__Listed records__:

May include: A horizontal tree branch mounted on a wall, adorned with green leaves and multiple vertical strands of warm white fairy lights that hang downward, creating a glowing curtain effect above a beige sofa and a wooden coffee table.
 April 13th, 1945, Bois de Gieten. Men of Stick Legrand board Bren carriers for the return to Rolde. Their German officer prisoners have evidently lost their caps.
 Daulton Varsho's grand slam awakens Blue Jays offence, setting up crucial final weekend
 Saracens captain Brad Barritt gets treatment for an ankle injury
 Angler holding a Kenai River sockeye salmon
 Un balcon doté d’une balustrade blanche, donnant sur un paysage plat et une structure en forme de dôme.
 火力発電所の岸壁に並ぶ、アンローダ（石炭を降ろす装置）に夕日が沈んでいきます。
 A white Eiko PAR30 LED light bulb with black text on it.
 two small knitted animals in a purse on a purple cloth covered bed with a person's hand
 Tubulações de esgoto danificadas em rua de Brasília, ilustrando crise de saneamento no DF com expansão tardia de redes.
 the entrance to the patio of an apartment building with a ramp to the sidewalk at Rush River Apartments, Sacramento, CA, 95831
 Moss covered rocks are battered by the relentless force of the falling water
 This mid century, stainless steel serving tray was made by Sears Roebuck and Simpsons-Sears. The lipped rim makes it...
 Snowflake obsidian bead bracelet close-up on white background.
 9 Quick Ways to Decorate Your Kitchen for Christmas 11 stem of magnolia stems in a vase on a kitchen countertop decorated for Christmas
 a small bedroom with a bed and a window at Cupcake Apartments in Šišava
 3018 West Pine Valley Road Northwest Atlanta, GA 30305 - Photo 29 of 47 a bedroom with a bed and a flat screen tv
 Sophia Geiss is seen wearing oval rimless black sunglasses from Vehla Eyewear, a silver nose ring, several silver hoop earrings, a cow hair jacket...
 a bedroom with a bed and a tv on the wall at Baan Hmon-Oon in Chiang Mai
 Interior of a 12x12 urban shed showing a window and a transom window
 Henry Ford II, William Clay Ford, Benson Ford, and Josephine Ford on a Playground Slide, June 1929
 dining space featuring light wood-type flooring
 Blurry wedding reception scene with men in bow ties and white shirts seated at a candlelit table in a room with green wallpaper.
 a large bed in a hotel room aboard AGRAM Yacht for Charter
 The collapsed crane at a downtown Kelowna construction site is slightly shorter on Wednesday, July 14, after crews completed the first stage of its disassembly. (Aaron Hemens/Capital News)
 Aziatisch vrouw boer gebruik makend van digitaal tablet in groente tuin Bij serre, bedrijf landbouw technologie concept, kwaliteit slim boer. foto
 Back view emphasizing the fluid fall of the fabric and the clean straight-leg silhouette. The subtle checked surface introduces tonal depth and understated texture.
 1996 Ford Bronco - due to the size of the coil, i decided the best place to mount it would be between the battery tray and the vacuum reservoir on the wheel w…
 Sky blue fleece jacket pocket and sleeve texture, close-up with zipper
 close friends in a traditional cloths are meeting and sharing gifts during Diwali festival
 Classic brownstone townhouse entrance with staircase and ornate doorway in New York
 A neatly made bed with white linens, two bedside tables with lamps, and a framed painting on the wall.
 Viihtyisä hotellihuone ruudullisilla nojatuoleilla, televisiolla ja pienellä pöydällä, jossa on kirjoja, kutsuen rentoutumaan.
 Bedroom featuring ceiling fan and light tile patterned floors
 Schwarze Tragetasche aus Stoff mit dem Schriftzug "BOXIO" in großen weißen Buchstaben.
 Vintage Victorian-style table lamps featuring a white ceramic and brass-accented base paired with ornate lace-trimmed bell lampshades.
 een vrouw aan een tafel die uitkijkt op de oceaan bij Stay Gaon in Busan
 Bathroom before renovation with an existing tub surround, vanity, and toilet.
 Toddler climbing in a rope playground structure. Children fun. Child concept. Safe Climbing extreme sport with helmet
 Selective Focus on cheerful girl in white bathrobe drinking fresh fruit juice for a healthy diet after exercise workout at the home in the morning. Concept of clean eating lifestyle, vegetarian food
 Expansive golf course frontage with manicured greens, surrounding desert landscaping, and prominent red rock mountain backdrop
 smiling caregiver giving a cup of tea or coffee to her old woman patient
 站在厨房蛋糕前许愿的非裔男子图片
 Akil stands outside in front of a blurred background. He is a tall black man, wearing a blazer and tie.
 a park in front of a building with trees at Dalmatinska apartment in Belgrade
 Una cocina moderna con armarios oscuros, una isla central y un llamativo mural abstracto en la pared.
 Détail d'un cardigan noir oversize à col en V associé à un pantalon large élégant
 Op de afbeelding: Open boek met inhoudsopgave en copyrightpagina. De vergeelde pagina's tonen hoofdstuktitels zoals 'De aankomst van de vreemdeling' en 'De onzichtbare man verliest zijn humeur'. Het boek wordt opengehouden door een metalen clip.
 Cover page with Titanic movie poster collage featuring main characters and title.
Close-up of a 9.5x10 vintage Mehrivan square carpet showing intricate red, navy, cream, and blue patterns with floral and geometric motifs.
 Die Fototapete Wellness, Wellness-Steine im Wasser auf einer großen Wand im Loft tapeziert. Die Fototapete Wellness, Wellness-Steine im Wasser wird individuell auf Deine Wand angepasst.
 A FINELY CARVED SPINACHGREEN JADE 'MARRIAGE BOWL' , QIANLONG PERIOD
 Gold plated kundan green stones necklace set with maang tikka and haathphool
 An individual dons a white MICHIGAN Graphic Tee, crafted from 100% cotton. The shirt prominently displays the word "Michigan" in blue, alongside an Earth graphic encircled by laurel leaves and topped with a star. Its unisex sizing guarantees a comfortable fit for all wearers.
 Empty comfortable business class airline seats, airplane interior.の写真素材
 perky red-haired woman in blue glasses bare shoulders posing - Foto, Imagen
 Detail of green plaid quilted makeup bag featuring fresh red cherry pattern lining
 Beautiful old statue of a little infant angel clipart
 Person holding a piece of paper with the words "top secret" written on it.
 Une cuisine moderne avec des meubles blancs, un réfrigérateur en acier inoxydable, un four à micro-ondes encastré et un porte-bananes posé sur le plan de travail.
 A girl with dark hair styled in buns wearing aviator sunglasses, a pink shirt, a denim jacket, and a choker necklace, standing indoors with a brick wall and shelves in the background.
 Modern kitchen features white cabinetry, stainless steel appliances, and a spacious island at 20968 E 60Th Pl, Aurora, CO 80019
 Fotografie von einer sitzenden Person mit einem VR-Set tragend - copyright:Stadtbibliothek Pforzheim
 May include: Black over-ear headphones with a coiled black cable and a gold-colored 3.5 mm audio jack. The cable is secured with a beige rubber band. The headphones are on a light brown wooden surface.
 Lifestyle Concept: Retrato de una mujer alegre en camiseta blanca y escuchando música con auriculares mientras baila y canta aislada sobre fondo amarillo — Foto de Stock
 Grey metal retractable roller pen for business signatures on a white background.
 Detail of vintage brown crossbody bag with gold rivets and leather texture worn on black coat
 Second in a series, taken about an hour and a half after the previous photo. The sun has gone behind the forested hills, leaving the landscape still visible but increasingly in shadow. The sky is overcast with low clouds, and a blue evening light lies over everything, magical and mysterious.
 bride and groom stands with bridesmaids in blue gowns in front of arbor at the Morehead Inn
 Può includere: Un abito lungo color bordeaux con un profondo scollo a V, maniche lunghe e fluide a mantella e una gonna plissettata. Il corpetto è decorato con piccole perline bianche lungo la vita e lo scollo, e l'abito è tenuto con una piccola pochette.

__Work to be completed__:
Would you set down all the lines above, exactly and in full?

__Answer for this exercise__:
May include: A horizontal tree branch mounted on a wall, adorned with green leaves and multiple vertical strands of warm white fairy lights that hang downward, creating a glowing curtain effect above a beige sofa and a wooden coffee table.
 April 13th, 1945, Bois de Gieten. Men of Stick Legrand board Bren carriers for the return to Rolde. Their German officer prisoners have evidently lost their caps.
 Daulton Varsho's grand slam awakens Blue Jays offence, setting up crucial final weekend
 Saracens captain Brad Barritt gets treatment for an ankle injury
 Angler holding a Kenai River sockeye salmon
 Un balcon doté d’une balustrade blanche, donnant sur un paysage plat et une structure en forme de dôme.
 火力発電所の岸壁に並ぶ、アンローダ（石炭を降ろす装置）に夕日が沈んでいきます。
 A white Eiko PAR30 LED light bulb with black text on it.
 two small knitted animals in a purse on a purple cloth covered bed with a person's hand
 Tubulações de esgoto danificadas em rua de Brasília, ilustrando crise de saneamento no DF com expansão tardia de redes.
 the entrance to the patio of an apartment building with a ramp to the sidewalk at Rush River Apartments, Sacramento, CA, 95831
 Moss covered rocks are battered by the relentless force of the falling water
 This mid century, stainless steel serving tray was made by Sears Roebuck and Simpsons-Sears. The lipped rim makes it...
 Snowflake obsidian bead bracelet close-up on white background.
 9 Quick Ways to Decorate Your Kitchen for Christmas 11 stem of magnolia stems in a vase on a kitchen countertop decorated for Christmas
 a small bedroom with a bed and a window at Cupcake Apartments in Šišava
 3018 West Pine Valley Road Northwest Atlanta, GA 30305 - Photo 29 of 47 a bedroom with a bed and a flat screen tv
 Sophia Geiss is seen wearing oval rimless black sunglasses from Vehla Eyewear, a silver nose ring, several silver hoop earrings, a cow hair jacket...
 a bedroom with a bed and a tv on the wall at Baan Hmon-Oon in Chiang Mai
 Interior of a 12x12 urban shed showing a window and a transom window
 Henry Ford II, William Clay Ford, Benson Ford, and Josephine Ford on a Playground Slide, June 1929
 dining space featuring light wood-type flooring
 Blurry wedding reception scene with men in bow ties and white shirts seated at a candlelit table in a room with green wallpaper.
 a large bed in a hotel room aboard AGRAM Yacht for Charter
 The collapsed crane at a downtown Kelowna construction site is slightly shorter on Wednesday, July 14, after crews completed the first stage of its disassembly. (Aaron Hemens/Capital News)
 Aziatisch vrouw boer gebruik makend van digitaal tablet in groente tuin Bij serre, bedrijf landbouw technologie concept, kwaliteit slim boer. foto
 Back view emphasizing the fluid fall of the fabric and the clean straight-leg silhouette. The subtle checked surface introduces tonal depth and understated texture.
 1996 Ford Bronco - due to the size of the coil, i decided the best place to mount it would be between the battery tray and the vacuum reservoir on the wheel w…
 Sky blue fleece jacket pocket and sleeve texture, close-up with zipper
 close friends in a traditional cloths are meeting and sharing gifts during Diwali festival
 Classic brownstone townhouse entrance with staircase and ornate doorway in New York
 A neatly made bed with white linens, two bedside tables with lamps, and a framed painting on the wall.
 Viihtyisä hotellihuone ruudullisilla nojatuoleilla, televisiolla ja pienellä pöydällä, jossa on kirjoja, kutsuen rentoutumaan.
 Bedroom featuring ceiling fan and light tile patterned floors
 Schwarze Tragetasche aus Stoff mit dem Schriftzug "BOXIO" in großen weißen Buchstaben.
 Vintage Victorian-style table lamps featuring a white ceramic and brass-accented base paired with ornate lace-trimmed bell lampshades.
 een vrouw aan een tafel die uitkijkt op de oceaan bij Stay Gaon in Busan
 Bathroom before renovation with an existing tub surround, vanity, and toilet.
 Toddler climbing in a rope playground structure. Children fun. Child concept. Safe Climbing extreme sport with helmet
 Selective Focus on cheerful girl in white bathrobe drinking fresh fruit juice for a healthy diet after exercise workout at the home in the morning. Concept of clean eating lifestyle, vegetarian food
 Expansive golf course frontage with manicured greens, surrounding desert landscaping, and prominent red rock mountain backdrop
 smiling caregiver giving a cup of tea or coffee to her old woman patient
 站在厨房蛋糕前许愿的非裔男子图片
 Akil stands outside in front of a blurred background. He is a tall black man, wearing a blazer and tie.
 a park in front of a building with trees at Dalmatinska apartment in Belgrade
 Una cocina moderna con armarios oscuros, una isla central y un llamativo mural abstracto en la pared.
 Détail d'un cardigan noir oversize à col en V associé à un pantalon large élégant
 Op de afbeelding: Open boek met inhoudsopgave en copyrightpagina. De vergeelde pagina's tonen hoofdstuktitels zoals 'De aankomst van de vreemdeling' en 'De onzichtbare man verliest zijn humeur'. Het boek wordt opengehouden door een metalen clip.
 Cover page with Titanic movie poster collage featuring main characters and title.
Close-up of a 9.5x10 vintage Mehrivan square carpet showing intricate red, navy, cream, and blue patterns with floral and geometric motifs.
 Die Fototapete Wellness, Wellness-Steine im Wasser auf einer großen Wand im Loft tapeziert. Die Fototapete Wellness, Wellness-Steine im Wasser wird individuell auf Deine Wand angepasst.
 A FINELY CARVED SPINACHGREEN JADE 'MARRIAGE BOWL' , QIANLONG PERIOD
 Gold plated kundan green stones necklace set with maang tikka and haathphool
 An individual dons a white MICHIGAN Graphic Tee, crafted from 100% cotton. The shirt prominently displays the word "Michigan" in blue, alongside an Earth graphic encircled by laurel leaves and topped with a star. Its unisex sizing guarantees a comfortable fit for all wearers.
 Empty comfortable business class airline seats, airplane interior.の写真素材
 perky red-haired woman in blue glasses bare shoulders posing - Foto, Imagen
 Detail of green plaid quilted makeup bag featuring fresh red cherry pattern lining
 Beautiful old statue of a little infant angel clipart
 Person holding a piece of paper with the words "top secret" written on it.
 Une cuisine moderne avec des meubles blancs, un réfrigérateur en acier inoxydable, un four à micro-ondes encastré et un porte-bananes posé sur le plan de travail.
 A girl with dark hair styled in buns wearing aviator sunglasses, a pink shirt, a denim jacket, and a choker necklace, standing indoors with a brick wall and shelves in the background.
 Modern kitchen features white cabinetry, stainless steel appliances, and a spacious island at 20968 E 60Th Pl, Aurora, CO 80019
 Fotografie von einer sitzenden Person mit einem VR-Set tragend - copyright:Stadtbibliothek Pforzheim
 May include: Black over-ear headphones with a coiled black cable and a gold-colored 3.5 mm audio jack. The cable is secured with a beige rubber band. The headphones are on a light brown wooden surface.
 Lifestyle Concept: Retrato de una mujer alegre en camiseta blanca y escuchando música con auriculares mientras baila y canta aislada sobre fondo amarillo — Foto de Stock
 Grey metal retractable roller pen for business signatures on a white background.
 Detail of vintage brown crossbody bag with gold rivets and leather texture worn on black coat
 Second in a series, taken about an hour and a half after the previous photo. The sun has gone behind the forested hills, leaving the landscape still visible but increasingly in shadow. The sky is overcast with low clouds, and a blue evening light lies over everything, magical and mysterious.
 bride and groom stands with bridesmaids in blue gowns in front of arbor at the Morehead Inn
 Può includere: Un abito lungo color bordeaux con un profondo scollo a V, maniche lunghe e fluide a mantella e una gonna plissettata. Il corpetto è decorato con piccole perline bianche lungo la vita e lo scollo, e l'abito è tenuto con una piccola pochette.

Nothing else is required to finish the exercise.